In this article, we shall discuss how to filter Dataframe using values from a List using isin() in both Spark and Pyspark with some examples.

1. Using filter() to Select DataFrame Rows from List of Values

The filter() function is a transformation operation and does not modify the original DataFrame. It takes an expression that evaluates to a Boolean value as input and returns a new DataFrame that contains only the rows for which the expression evaluates to true.
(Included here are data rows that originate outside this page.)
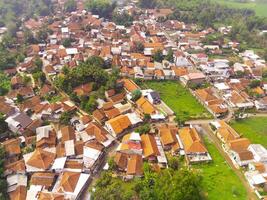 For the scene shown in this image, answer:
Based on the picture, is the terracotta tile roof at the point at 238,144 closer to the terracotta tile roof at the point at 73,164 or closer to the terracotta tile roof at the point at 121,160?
the terracotta tile roof at the point at 121,160

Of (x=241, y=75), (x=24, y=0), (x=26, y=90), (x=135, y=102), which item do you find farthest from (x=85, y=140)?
(x=24, y=0)

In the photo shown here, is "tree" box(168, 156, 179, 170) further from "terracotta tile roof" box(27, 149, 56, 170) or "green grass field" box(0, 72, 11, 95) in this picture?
"green grass field" box(0, 72, 11, 95)

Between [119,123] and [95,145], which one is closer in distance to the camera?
[95,145]

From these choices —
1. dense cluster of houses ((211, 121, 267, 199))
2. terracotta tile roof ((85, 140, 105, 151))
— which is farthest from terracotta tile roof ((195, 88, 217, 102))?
terracotta tile roof ((85, 140, 105, 151))

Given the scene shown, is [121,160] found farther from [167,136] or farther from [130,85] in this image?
[130,85]

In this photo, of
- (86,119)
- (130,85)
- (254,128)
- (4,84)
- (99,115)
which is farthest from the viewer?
(4,84)

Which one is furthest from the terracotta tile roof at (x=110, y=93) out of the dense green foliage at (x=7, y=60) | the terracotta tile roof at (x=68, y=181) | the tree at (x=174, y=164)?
the dense green foliage at (x=7, y=60)

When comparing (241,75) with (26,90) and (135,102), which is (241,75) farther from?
(26,90)

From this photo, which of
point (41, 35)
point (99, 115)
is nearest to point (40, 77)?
point (99, 115) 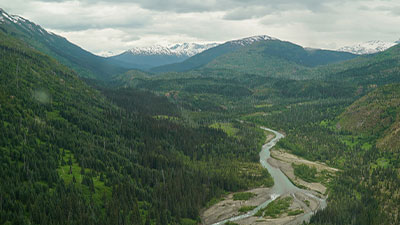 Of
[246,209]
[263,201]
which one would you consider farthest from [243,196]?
[246,209]

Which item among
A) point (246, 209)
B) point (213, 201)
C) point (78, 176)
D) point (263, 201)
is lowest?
point (246, 209)

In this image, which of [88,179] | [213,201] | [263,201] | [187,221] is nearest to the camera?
[187,221]

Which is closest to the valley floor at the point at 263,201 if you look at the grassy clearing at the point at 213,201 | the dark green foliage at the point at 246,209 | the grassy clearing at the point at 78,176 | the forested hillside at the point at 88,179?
the dark green foliage at the point at 246,209

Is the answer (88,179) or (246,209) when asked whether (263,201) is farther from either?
(88,179)

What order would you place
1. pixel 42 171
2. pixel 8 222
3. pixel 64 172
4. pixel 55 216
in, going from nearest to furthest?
pixel 8 222 → pixel 55 216 → pixel 42 171 → pixel 64 172

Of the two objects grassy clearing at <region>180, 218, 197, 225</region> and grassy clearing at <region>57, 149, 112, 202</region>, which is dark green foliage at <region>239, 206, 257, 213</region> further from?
grassy clearing at <region>57, 149, 112, 202</region>

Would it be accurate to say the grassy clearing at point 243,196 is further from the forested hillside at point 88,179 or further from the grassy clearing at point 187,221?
the grassy clearing at point 187,221

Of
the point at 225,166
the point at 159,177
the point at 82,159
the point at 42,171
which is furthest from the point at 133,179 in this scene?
the point at 225,166

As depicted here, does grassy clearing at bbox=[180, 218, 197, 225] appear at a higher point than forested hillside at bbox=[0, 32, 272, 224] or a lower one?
lower

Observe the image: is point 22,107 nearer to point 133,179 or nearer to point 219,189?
point 133,179

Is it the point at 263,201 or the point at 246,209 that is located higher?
the point at 263,201

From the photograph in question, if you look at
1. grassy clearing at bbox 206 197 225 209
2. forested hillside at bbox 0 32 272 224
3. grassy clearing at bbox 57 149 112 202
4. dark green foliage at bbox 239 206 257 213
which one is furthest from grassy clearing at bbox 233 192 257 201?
grassy clearing at bbox 57 149 112 202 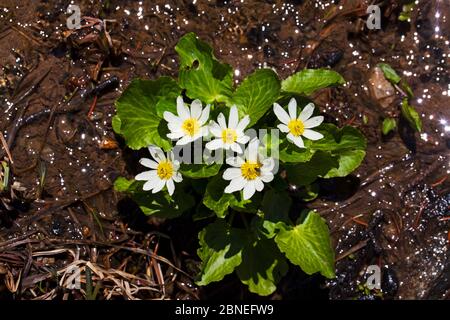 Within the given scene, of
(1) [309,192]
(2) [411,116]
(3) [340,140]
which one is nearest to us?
(3) [340,140]

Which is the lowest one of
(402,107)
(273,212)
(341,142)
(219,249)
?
(219,249)

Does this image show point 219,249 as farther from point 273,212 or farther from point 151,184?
point 151,184

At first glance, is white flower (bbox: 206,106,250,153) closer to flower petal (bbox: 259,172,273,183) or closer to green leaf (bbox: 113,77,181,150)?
flower petal (bbox: 259,172,273,183)

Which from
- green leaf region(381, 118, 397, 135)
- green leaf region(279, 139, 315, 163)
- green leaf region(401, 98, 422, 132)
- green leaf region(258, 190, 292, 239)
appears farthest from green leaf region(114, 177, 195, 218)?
green leaf region(401, 98, 422, 132)

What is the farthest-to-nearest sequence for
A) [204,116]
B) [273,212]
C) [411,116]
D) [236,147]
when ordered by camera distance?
[411,116], [273,212], [204,116], [236,147]

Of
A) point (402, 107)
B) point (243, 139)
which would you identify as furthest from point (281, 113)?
point (402, 107)

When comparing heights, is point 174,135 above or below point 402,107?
above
You can also use other comparison operators like <, <=, >, >=, === (equal), and !== (not equal) in the filter expression. You can also use logical operators like && (and), || (or), and ! (not) to combine multiple conditions in the filter expression. Additionally, you can use functions like isNotNull, isNull, and startsWith to filter rows based on specific conditions.

To filter rows from a list of values, we would use the isin() function.

2. Spark Filter Dataframe using a list

Here are some more examples of how to filter a row in a Spark DataFrame based on matching values from a list using Spark Scala:

2.1 Filtering rows based on matching values from a list

You can filter a row in a DataFrame based on matching values from a list using the isin() function of DataFrame API. Here is a Scala example code snippet:


// Imports
import spark.implicits._

// Sample data
val data = Seq(
  (1, "apple"),
  (2, "banana"),
  (3, "orange"),
  (4, "mango")
).toDF("id", "fruit")

// List of values to filter
val filterList = List("banana", "mango")

// Filter rows based on values in the list
val filteredData = data.filter($"fruit".isin(filterList:_*))

// Display the filtered data
filteredData.show()

// Output:
// +---+------+
// | id| fruit|
// +---+------+
// |  2|banana|
// |  4| mango|
// +---+------+

In this code, we create a DataFrame data with two columns id and fruit. We then define a list of values filterList that we want to use for filtering. We use the isin function on the fruit column of the DataFrame to filter rows that match any of the values in the list. The resulting filtered DataFrame is stored in filteredData and then displayed using the show method.

Note that we use the :_* syntax when passing the filterList as a parameter to the isin function. This syntax is used to unpack the list into individual parameters so that it can be passed as a Vararg to the function.

2.2 Filter rows based on multiple columns


// Create DataFrame
val data = Seq(
  (1, "apple", "red"),
  (2, "banana", "yellow"),
  (3, "orange", "orange"),
  (4, "mango", "orange")
).toDF("id", "fruit", "color")

// List of values to filter
val filterList = List(("apple", "red"), ("orange", "orange"))

// Filter using contains()
val filteredData = data.filter(row => filterList.contains((row.getAs[String]("fruit"), row.getAs[String]("color"))))

filteredData.show()

// Output:
// +---+------+------+
// | id| fruit| color|
// +---+------+------+
// |  1| apple|   red|
// |  3|orange|orange|
// +---+------+------+

In this example, we have a DataFrame data with three columns id, fruit, and color. We define a list of tuples filterList containing the values we want to use for filtering based on multiple columns. We use the filter function with a lambda function that checks whether the tuple (fruit, color) for each row is in the filterList. The resulting filtered DataFrame is stored in filteredData and displayed using the show method.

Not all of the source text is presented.